Ohne zunächst das Wort Nationalpark in den Mund zu nehmen, sagte Brunner, die Staatsregierung wolle etwas anbieten, das weder die Bevölkerung noch die Natur spaltet. Das Projekt solle der Bevölkerung das Bewirtschaftungsmodell zeigen, das es in den Augen Brunners als einziges schafft, alle Ansprüche an den Wald wie ökologische, ökonomische und gesellschaftliche zu vereinbaren: die nachhaltige Forstwirtschaft.
Mit nachhaltiger Forstwirtschaft ist gemeint, dass der Mensch nicht mehr vom Rohstoff Holz aus dem Wald herausnimmt als nachwächst. Im Nachhaltigkeitszentrum soll gezeigt werden, wie der Wald gleichzeitig geschützt und genutzt werden kann. Darüber hinaus soll es eine enge Vernetzung mit Gastronomie, Tourismus und Wirtschaft geben.
Warum der Steigerwald als Standort für das Projekt „Zentrum Nachhaltigkeit Wald“? In diesem Landstrich, so Brunner, haben die Menschen Nachhaltigkeit schon im Mittelalter in ihren Forstordnungen festgeschrieben. Sie sehen den Wald nicht nur als Holzproduzent, sondern auch als Lebensraum und wichtigen Teil ihrer Heimat. Nicht erst seit der Diskussion um den Nationalpark sei außerdem bekannt, dass es hier außergewöhnliche Waldbestände gebe, beispielsweise mit sehr alten Buchen. Georg Windisch, Leiter der bayerischen Forstverwaltung, nannte als Zielgruppen für das Waldzentrum Vereine, Verbände, Initiativen und Wirtschaftskreise, das Fachpublikum und Multiplikatoren, Familien und Kindergruppen sowie regionale und überregionale Touristen. Touristische Anziehungspunkte könnten ein Baumwipfelpfad, ein Kletterwald, eine Burg(-ruine) aus Holz, ein Tiergehege, ein Nachhaltigkeitsbaum, ein Baumhotel, eine Riesen-Baumrutsche und ein Kunstwald sein. Wolfgang-Günther Ewald vom Referat für Integrierte Ländliche Entwicklung schließlich hielte es für gut, wenn sich die drei schon bestehenden ILE-Verbünde Südlicher Landkreis Haßberge, Dorfschätze und Main-Steigerwald zusammenschließen und damit als Einheit den Steigerwaldraum abdecken würden.

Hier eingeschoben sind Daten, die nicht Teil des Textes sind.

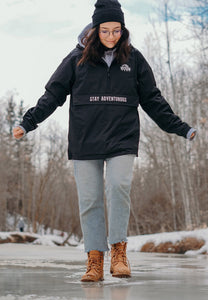 Pictured is our model in full frame of the camera. She is wearing our SMRT Tent Rainy Jacket (in Black) while she walks on a slightly cracked, frozen lake in classic Timberlands. Layer around your SMRT Tent roof top tent camp or Tacoma in this sweet anorak! Available for sale by SMRT Tent in Edmonton, Canada.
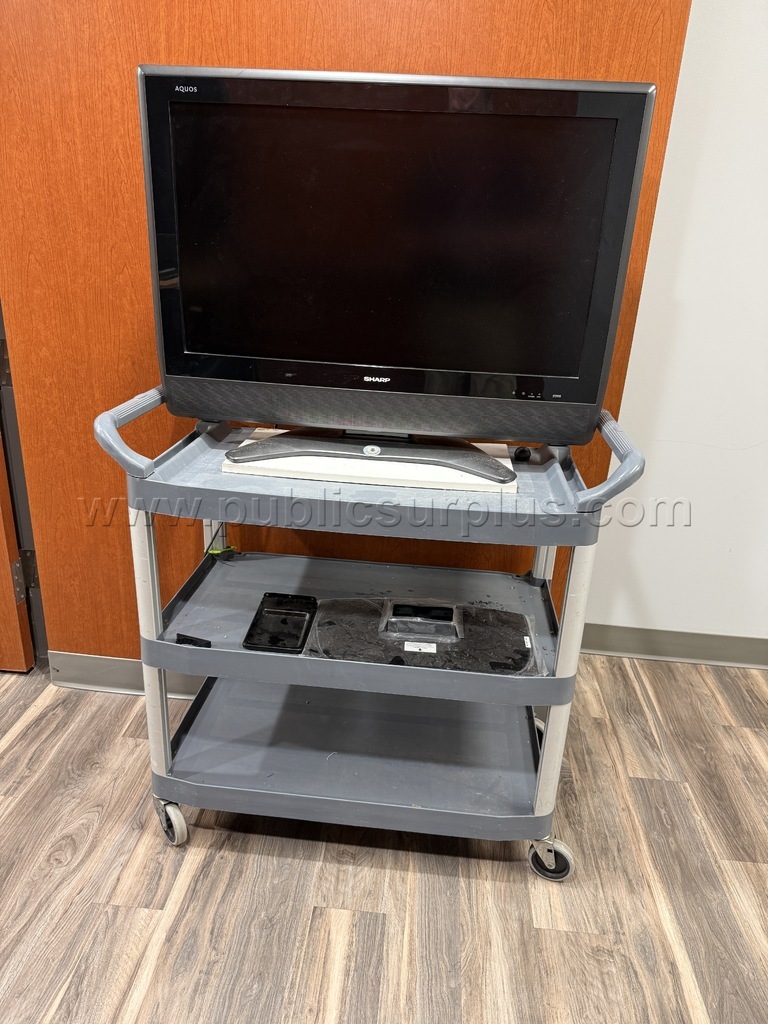 TV mounted on gray cart — photo 1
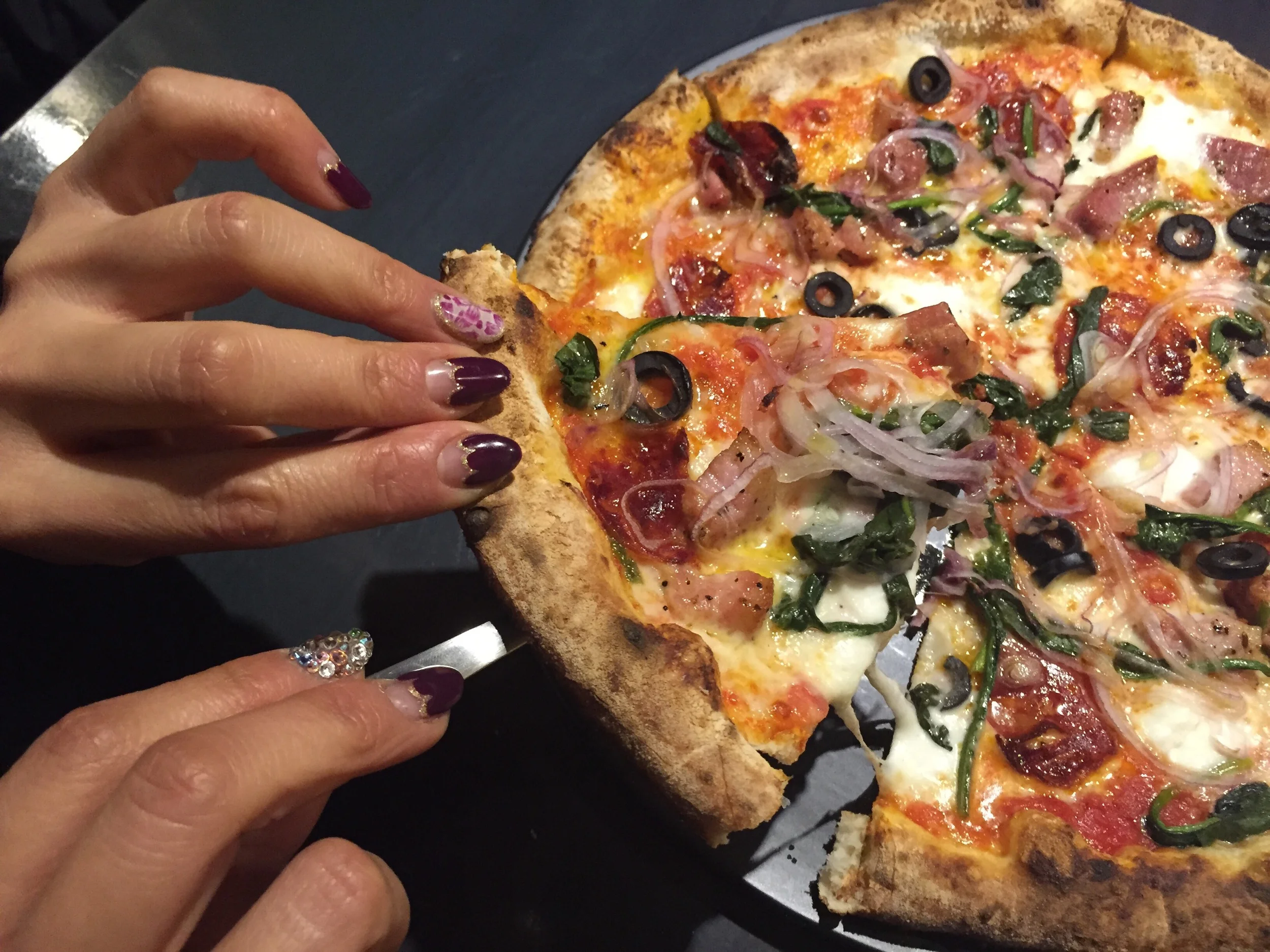 Beautiful nails of owner at @CocoLounge modeling a slice of pie! Neapolitan pizza is a type of pizza that originated in Naples, Italy.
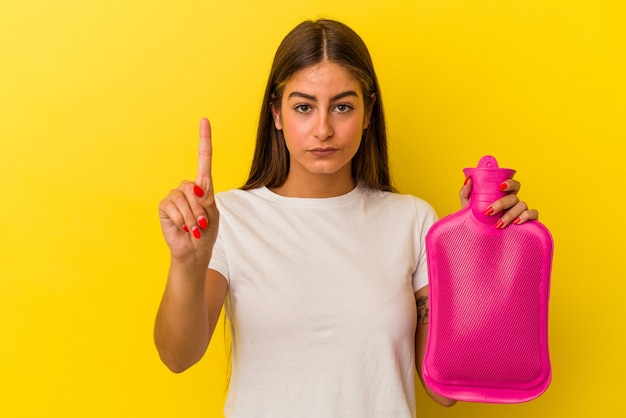 Jovem mulher caucasiana, segurando uma garrafa de água quente isolada no fundo amarelo, mostrando o número um com o dedo.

Die Gastgeberstadt Gerolzhofen und ihre uralten Bezüge zum Wald stellte Zweiter Bürgermeister Erich Servatius in kurzen Zügen vor.
Gerhard Eck, Staatssekretär im bayerischen Innenministerium, lobte das „parteiübergreifende Engagement“, das dieses Nachhaltigkeitszentrum möglich mache. Den Bund Naturschutz lud er ausdrücklich ein, bei der Gestaltung des Zentrums mitzuwirken. Dieses Zentrum ist im Grunde die Antwort auf den Vorstoß des Bund Naturschutz, im Steigerwald einen Nationalpark einzurichten. Das war bekanntlich auf heftigen Widerstand der Bevölkerung gestoßen. Die Staatsregierung kam schließlich zur Einsicht, eine derartige Einrichtung nicht gegen den Willen der Menschen des Landstrichs durchzudrücken. Der Grundgedanke des Nachhaltigkeitszentrums stammt vom Verein „Unser Steigerwald“, unter dessen Dach die Gegner des Nationalparks versammelt sind.